Matching Algorithms Paper Review III

Dynamic Matching via Weighted Myopia with Application to Kidney Exchange

The model considers two kinds of users - patient donor pairs and altruistic donors. Patient donor pairs exchange with other such pairs to form disjoint cycles while altruisitc donors can trigger chains in the graph. Various blood types have differing latitudes with regards to the number of different agents they can exchange with.
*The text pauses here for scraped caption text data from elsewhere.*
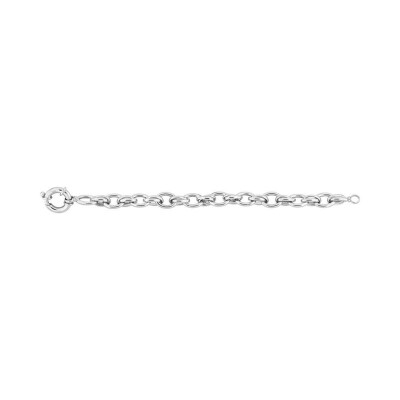 Bracelet chaîne maille jaseron double en argent rhodié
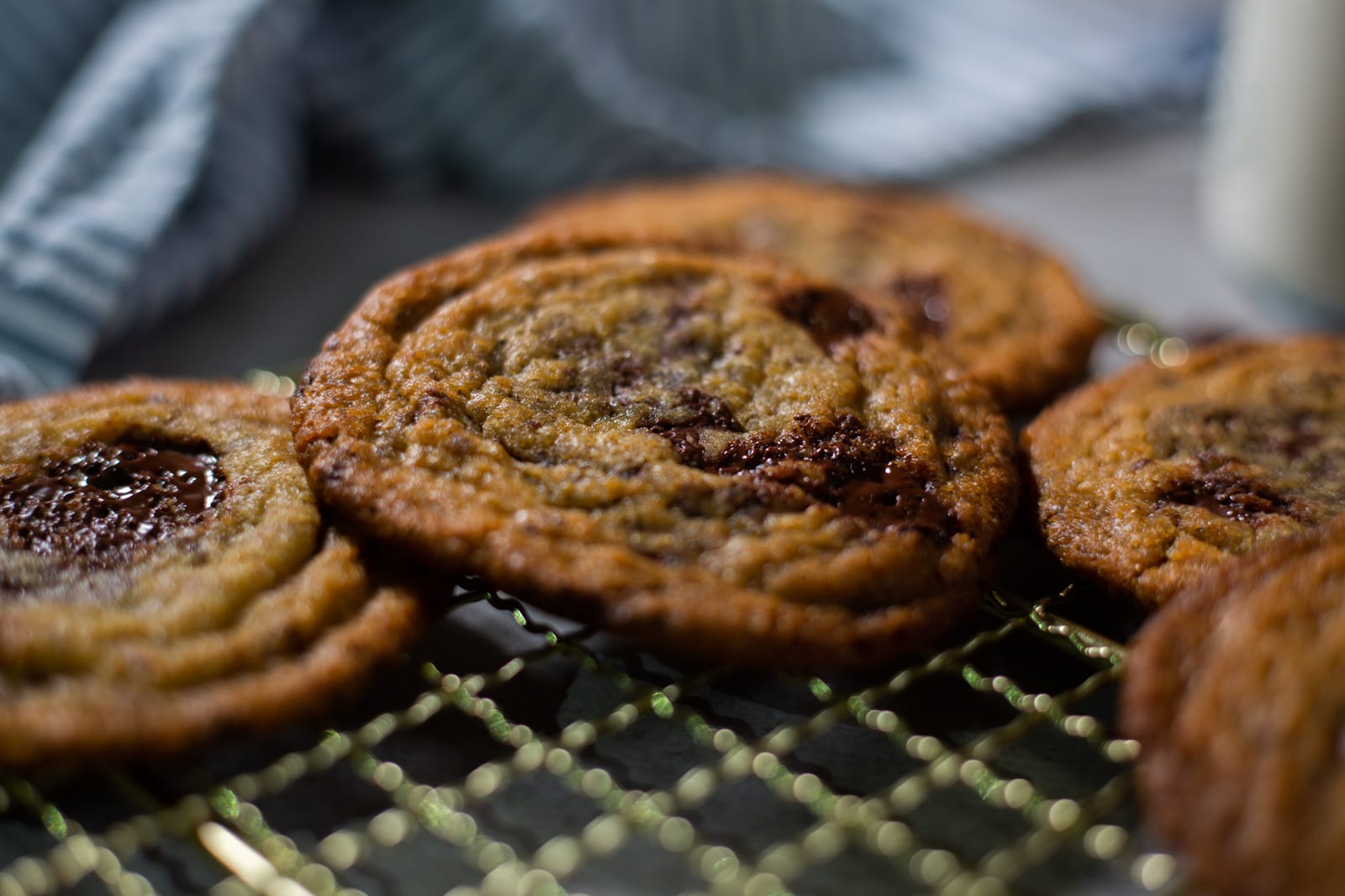 Close-up of pan banging chocolate chip cookies on a rack, milk blurred behind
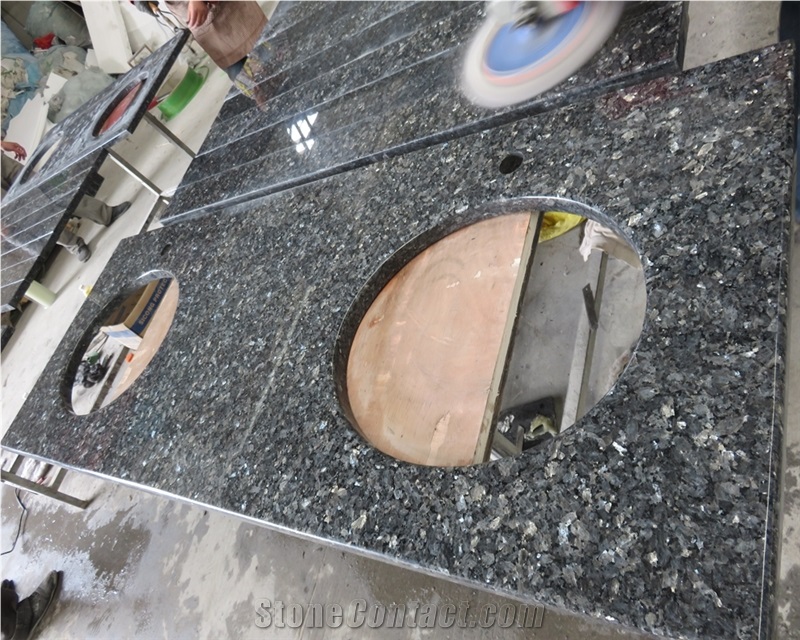 Black Pearl Granite Polished Double Sink Vanity Countertop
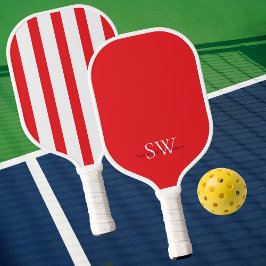 Palas De Pickleball Rayas minimalistas modernas rojas y blancas person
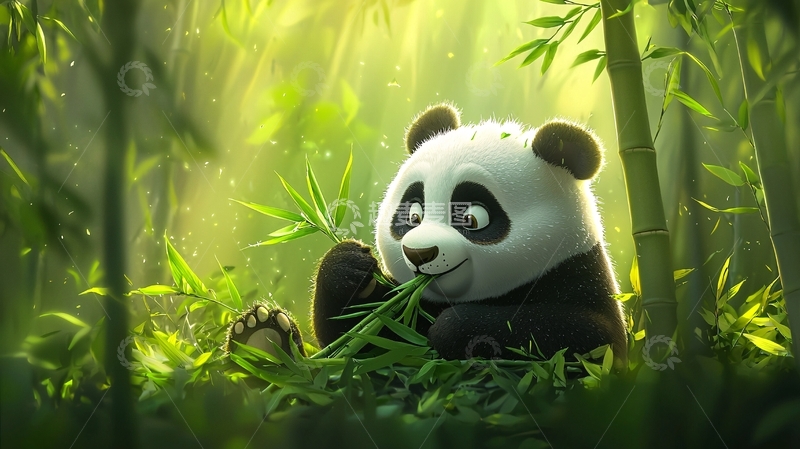 高清大图下载【趣麦麦图】卡通熊猫吃竹子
The algorithm allows for a central planner across time who ca observe when an agent gets critical and is about to leave the market. The algorithm thus assigns potentials to graph elements which allows it to sacrifice lower valued elements in immediate requirement matchings when an agent becomes critical and save the more versatile elements for later to trigger larger chains or cycles, when the opportunity presents itself.

The weights are learnt by the model during a training phase using a well known integer solver called ParamILS which is run over 1500 synthetically generated graphs with realistic agent expiration rates simulated. The solver tries to maximize the number of matches and the graph element weights are set as the learnable parameters. Once the weights are learnt, at every moment of criticality, the method solves the weighted graph using a branch-and-price solver which has been shown to be able to solve the NP-Hard problem to optimality for upto 10,000 agents.
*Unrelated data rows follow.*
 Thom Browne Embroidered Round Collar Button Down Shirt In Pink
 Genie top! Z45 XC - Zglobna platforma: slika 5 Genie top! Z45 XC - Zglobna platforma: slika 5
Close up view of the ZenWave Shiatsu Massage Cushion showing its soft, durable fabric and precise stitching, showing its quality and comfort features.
Finally, the authors demonstrate how potentials may be learnt for arbitrarily complex graph structures, thus improving theoretical performance. There are a few pathological examples wherein additionally learning edge potentials significantly outperforms learning just vertex potentials, additionally learning cycle potentials significantly outperforms learning just edge and vertex potentials and so on. These however, quickly become computationally intractable and the authors show demonstrable improvements from existing methods using just vertex potentials.